Opinión | Miel, limón & vinagre
Michelle Obama, abogada y ex Primera Dama de Estados Unidos: Antes el parné que la gloria

Michelle Obama, durante la presentación de sus memorias por varias capitales, gira grabada en un documental. / Netflix
En Estados Unidos, la primera dama es una institución pública. Se convirtió en algo así desde principios de siglo XX, pero quedó perfectamente modelizada con la esposa (y prima en segundo grado) del presidente Franklin Delano Roosevelt, Eleanor. Crecida en el seno de la élite política de país – era también sobrina de Theodore Roosevelt –, no tardó en descubrir que su esposo le era infiel y lo seguiría siendo siempre. Es perfectamente verosímil un pacto: tú sigues con tus infidelidades si yo puedo seguir escribiendo y practicando mi activismo político.
Eleanor fue más allá. Sin ella es muy probable que su esposo hubiera abandonado la actividad política cuando en 1921 la polio lo dejó paralítico. Se transformó en uno de sus principales recursos político-electorales hasta su muerte en 1945, después de ganar cuatro elecciones presidenciales. Tras el fallecimiento de FDR, Eleanor mantuvo una intensa actividad y, entre otras cosas, fue delegada de Estados Unidos en la ONU. Fue articulista y conferenciante y gestionó astutamente sus apoyos a candidatos al Congreso y a la presidencia. Apoyó a Kennedy, pero envuelta en reservas.
Después de Eleanor Roosevelt quedó claro que debería definirse el papel protocolario de la primera dama. No es un cargo electivo ni percibe remuneración alguna.

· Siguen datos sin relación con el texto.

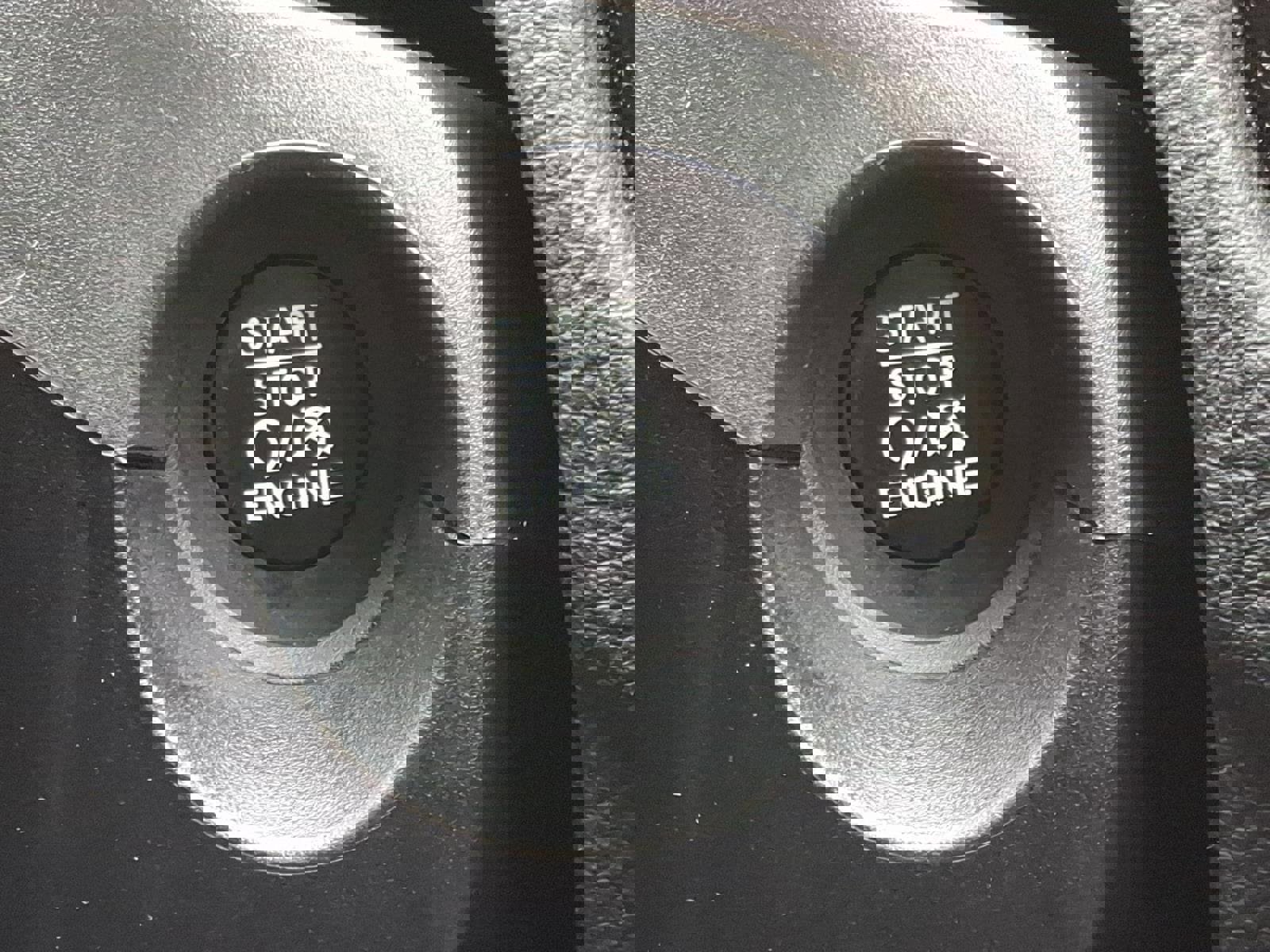 Used 2021 Jeep Compass Limited image 21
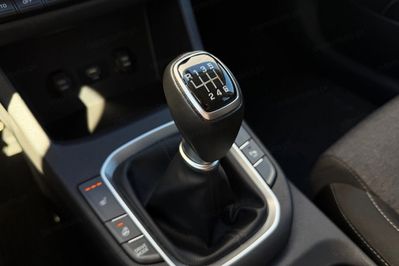 Hyundai i30 1.5 T-GDI 48V Smart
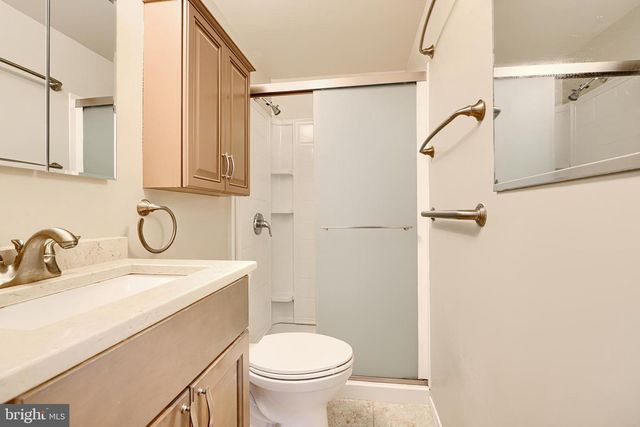 1505 WESTMINSTER CT, Bel Air, MD 21014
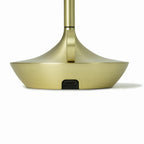Tragbare Tischlampe -   Mivoza Deutschland
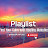 @4PeacefulPulse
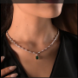 Thumb_necklace_worn_1440x1440 (1).jpg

Suele encargase de asuntos o causas sociales y también se le reconoce cierta intervención en la organización de actos sociales y ceremoniales en la Casa Blanca. Por supuesto que no recauda dinero entre grandes empresas para organizar cursos universitarios o parauniversitarios. En Estados Unidos, un caso como el de Begoña Gómez sería un escándalo incomprensible. Entiéndase bien: el escándalo no derivaría de ninguna irregularidad en el trabajo de Gómez, sino de su trabajo mismo.
Michelle Obama tuvo y sigue teniendo un contraejemplo: Hillary Clinton. Su lema es que si no hace lo que hizo Hillary – a la que admira no obstante –, todo le irá bien. Fue una excelente alumna de Sociología en Princeton y se licenció en la Escuela de Derecho de Harvard, donde además obtuvo un posgrado. Casi inmediatamente comenzó a trabajar en un bufete singularmente prestigioso, Sidley & Austin. Ahí conoció a su futuro marido. Juntos se mudaron a Chicago, en cuya universidad le ofrecieron una plaza y después fue vicedecana asociada. Y sin embargo, a una jurista de prestigio, brillante gestora y obvia capacidad de trabajo, Obama no le ofreció nada distinto a lo que había hecho cualquier primera dama republicana. Michelle no quiso. A los Obama les pesaba el recuerdo espeluznante de Hillary Clinton, a la que su esposo designó presidenta de una comisión para la reforma del sistema sanitario estadounidense. La derecha y la sanidad privada crujieron a Hillary Clinton; los demócratas no la defendieron con demasiado entusiasmo. Más tarde, como candidata presidencial, perdió las elecciones frente a Donald Trump, quien la insultó hasta el delirio y anunció que la meterían en la cárcel.
Michelle Obama se decidió a impulsar campañas a favor de la integración racial, el ejercicio físico y la buena nutrición entre los niños y los adolescentes norteamericanos. Y a publicar libros que se han vendido bastante bien – especialmente su autobiografía –, escritos invariablemente por escritores de alquiler. Los que siguen fantaseando con una candidatura política para Michelle Obama se confunden. Fue una joven activista y ahora solo quiere ser una modesta millonaria que pasa sus días en su mansión en Martha’s Vineyard. Cobra casi 100.000 dólares por conferencia. Y prefiere el parné que la gloria.